Is Kernel: 5.15.25-1-MANJARO x86_64 an LTS Kernel?

No, older doesn’t mean stable. It just means older.

Also there are no feature that get ported back to older version. There are only bug fixes. However just because a bug gets fix, doesn’t mean this fix can’t create it’s own bugs.

Yeah so while it is under longterm support they do fix “bugs” and while they typically don’t back port features they do back port security fixes. So for example the latest spectre BHI vulnerabilities are patched in the latest kernel however they will back port those into the LTS kernels since they are still being supported when that happens it is always possible that when back porting bug/security fixes that it can create other issues, they of course try to thoroughly test everything but the world of computing and code evolves so rapidly it just isn’t possible to catch everything every time. Personally I typically run on the latest stable kernel myself but I always keep the 2 prior LTS kernels installed in case I need to fallback to them. The way I look at it is storage is relatively so cheap and a kernel in the grand scheme of storage is tiny.

Thanks @winnie
You gave me some self confidence by your reply.
As I started programming as a hobby and doing little programs to help me at work since 1978 (Basic, Dbase III+ then Dbase IV and a little MS Access) and didn’t do any programming since 1997. I was thinking I am an old man and “programing” has changed over time and I know nothing today.

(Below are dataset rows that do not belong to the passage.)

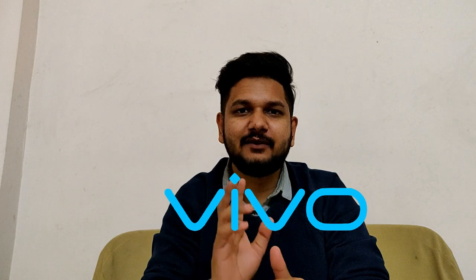Hello everyone, my name is Navan and welcome back to TechPlusGadgets.com. Today we are going to talk about Vivo.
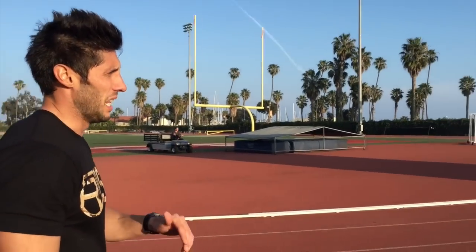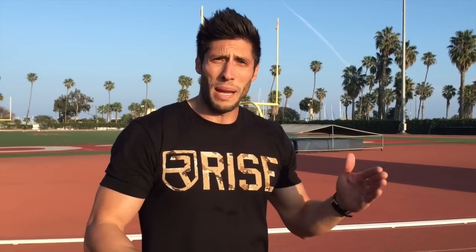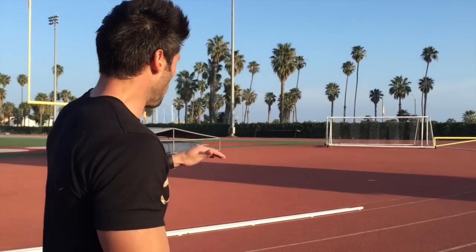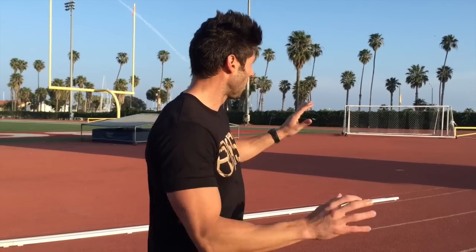First 50 meters: free energy. After that first 50 meters, I like to take inventory of where I'm at. If I feel like I'm in a good position or feeling really good, I'll try to hold that pace without pushing, without effort. The next 50 or so meters coming off that turn, you're setting up your float phase. On that back stretch after your first hundred, that's where I take inventory — did I make up the stagger, did he pull away, is someone coming up on my inside?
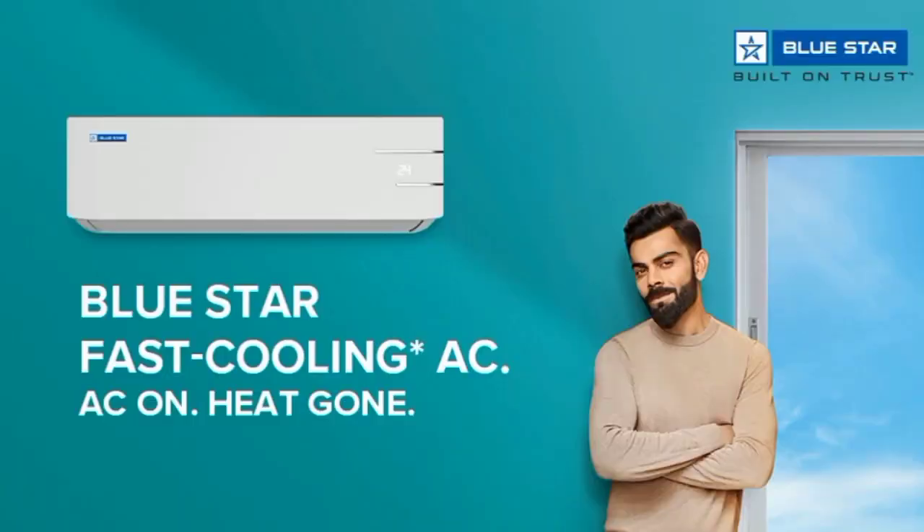Hello everyone. BlueStar new AC launch. BlueStar ATSI AC manufacturing factory is a specialized brand. Our model is the BlueStar Inverter 5-in-1 Convertible.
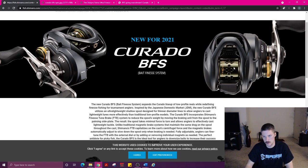I'm not sure what the restrictions are going to be, because this is not as ported as the Aldebaran BFS or the Conquest BFS spools — they're a little bit more ported than this. So maybe this is a little bit more durable for the US market. Japan has come out with the SLX BFS — that's been announced for a while — which is pretty much taking the SLX and just putting a BFS spool in it. That's kind of what they did here: take the Corrado 70, put a BFS spool in there, change the braking, and call it a new reel, which I'm pretty excited for.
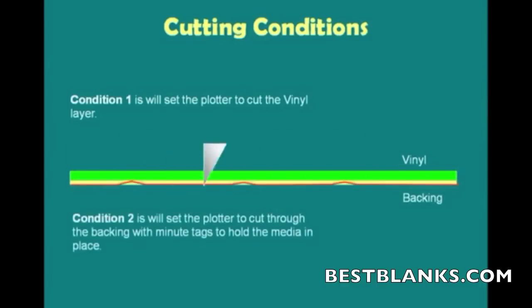Condition 2 was set up so that it would cut completely through the backing, leaving minute tags to hold the media in place so that it doesn't fall out and cause skewing.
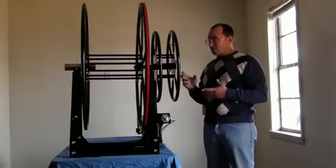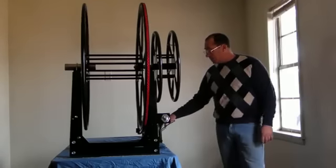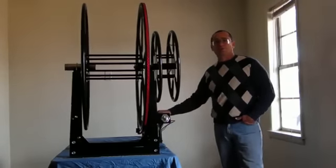It's made out of steel construction. It's a 12 volt DC system that can hook to your battery of your truck mount or battery of your van.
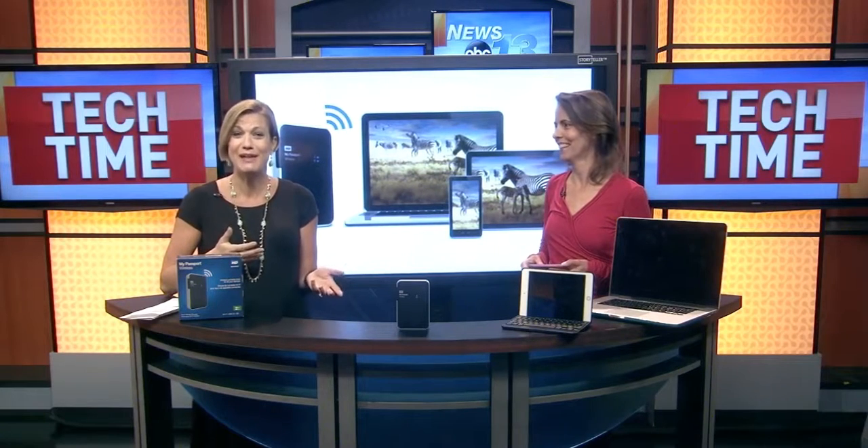Welcome into Tech Time. You've been backing up your smartphone, your tablet, your camera, all of it to your PC, but now your PC is out of space. So what do you do? Well, you talk to consultant Francie Black to find out what you do when you have no space left. And you have a solution.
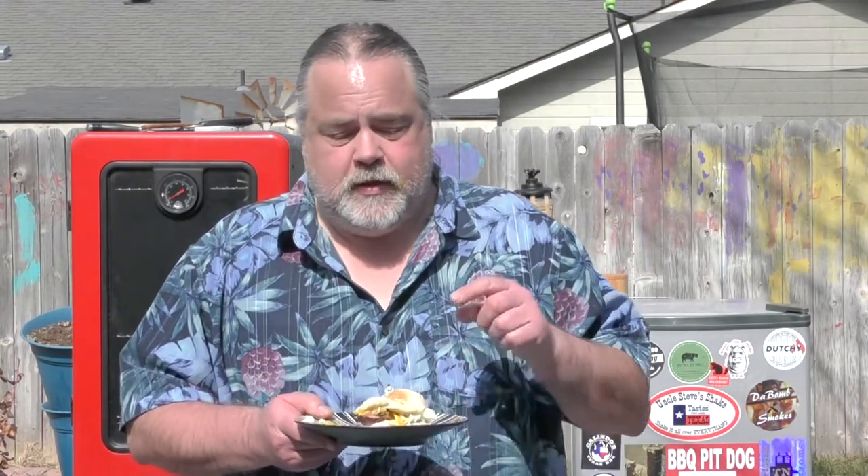All right guys, you saw how we made it — tell me how you make yours, I'm really interested. Tell me what you put your Carolina Gold Sauce on. I put it on a pulled pork sandwich like you saw — it's awesome, but I'm sure there's so many other things this goes with. The recipe's down below. Please remember to like, subscribe, comment, and ring that bell for notifications. We'll see you next time on the Dude's Kitchen — stay safe everybody, take care!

You gave me self confidence because I was believing the ABCs of programming should remain the same.
As you mentioned

I wonder why or how they did it!

Wow @cbDejaVu

This answers my question how it happens.
I owe you a dinner! :clap:

I believe I did something similar during my distrohopping, and I believe this is a very wise thing to do.
I will look somewhere here how to do it as all I remember I should update Grub but cant remember what commands or how to in detail (sorry a bit old man here, I’m 60 years “young”) :laughing:

Sure, this is a rule of thumb in developing software/programming.
I always thought “programming” or writing code is mainly about “debugging”, while I was doing “programming” most of my time and effort was about debugging mainly.

The most user friendly way to change it via the GUI is to launch the Manjaro Settings Manager and then select Kernel.

That interface will show you all the current valid kernels you can have and the type of kernel (real-time, experimental, stable, LTS, etc). From that GUI interface you can easily Remove and Install multiple kernels.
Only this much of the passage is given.